■ **EXERCISE GOAL**: For this exercise, please return exactly the line containing "2021年华南师范大学448汉语写作与百科知识考研真题" and each line after it through the end of the records, with no pictures included.

■ **SOURCE DATA**:
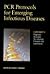 Pcr Protocols for Emerging Infectious Diseases: A Supplement to Diagnostic Molecular Microbiology : Principles and Applications
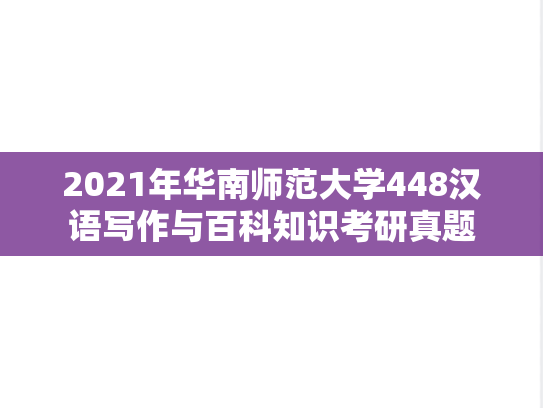 2021年华南师范大学448汉语写作与百科知识考研真题
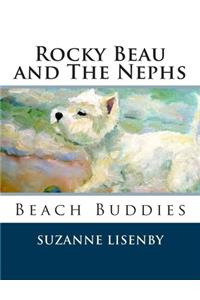 Rocky Beau and The Nephs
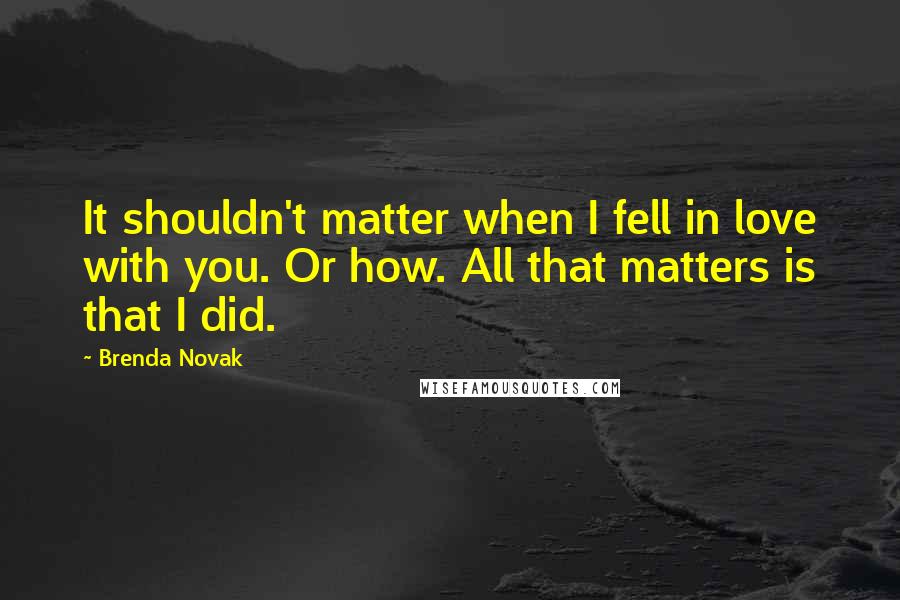 Brenda Novak Quotes: It shouldn't matter when I fell in love with you. Or how. All that matters is that I did.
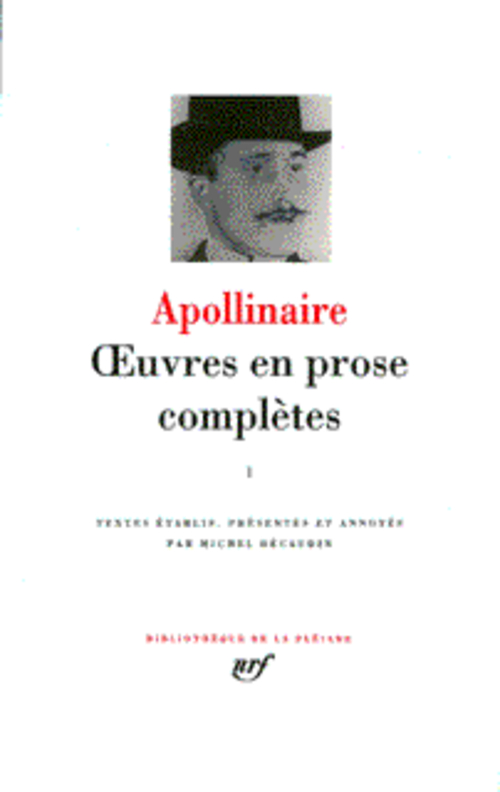 OEUVRES EN PROSE COMPLETES - VOL01 - APOLLINAIRE G. - GALLIMARD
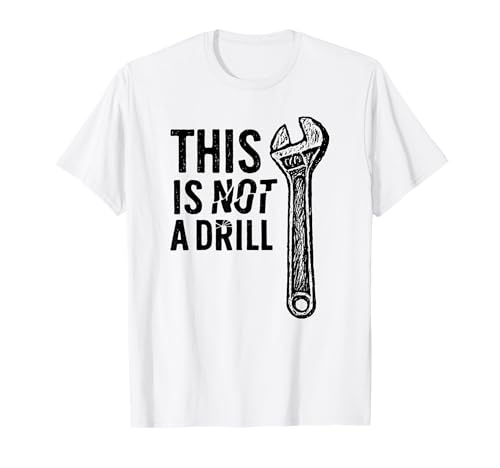 This is Not A Drill Cool Wrench Funny Tool Humor Saying T-Shirt
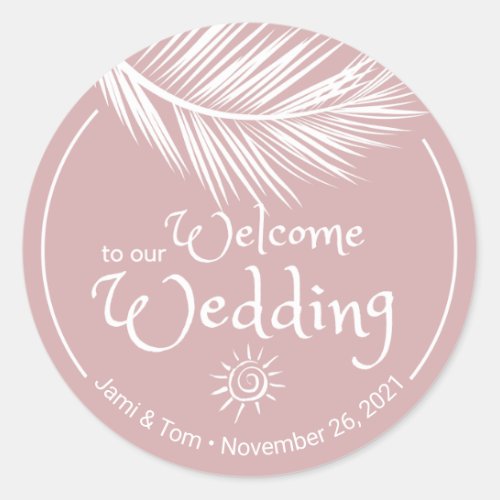 Beach Palm Leaf Dusty Rose Wedding Welcome Classic Round Sticker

■ **REPLY**:
 2021年华南师范大学448汉语写作与百科知识考研真题
 Rocky Beau and The Nephs
 Brenda Novak Quotes: It shouldn't matter when I fell in love with you. Or how. All that matters is that I did.
 OEUVRES EN PROSE COMPLETES - VOL01 - APOLLINAIRE G. - GALLIMARD
 This is Not A Drill Cool Wrench Funny Tool Humor Saying T-Shirt
 Beach Palm Leaf Dusty Rose Wedding Welcome Classic Round Sticker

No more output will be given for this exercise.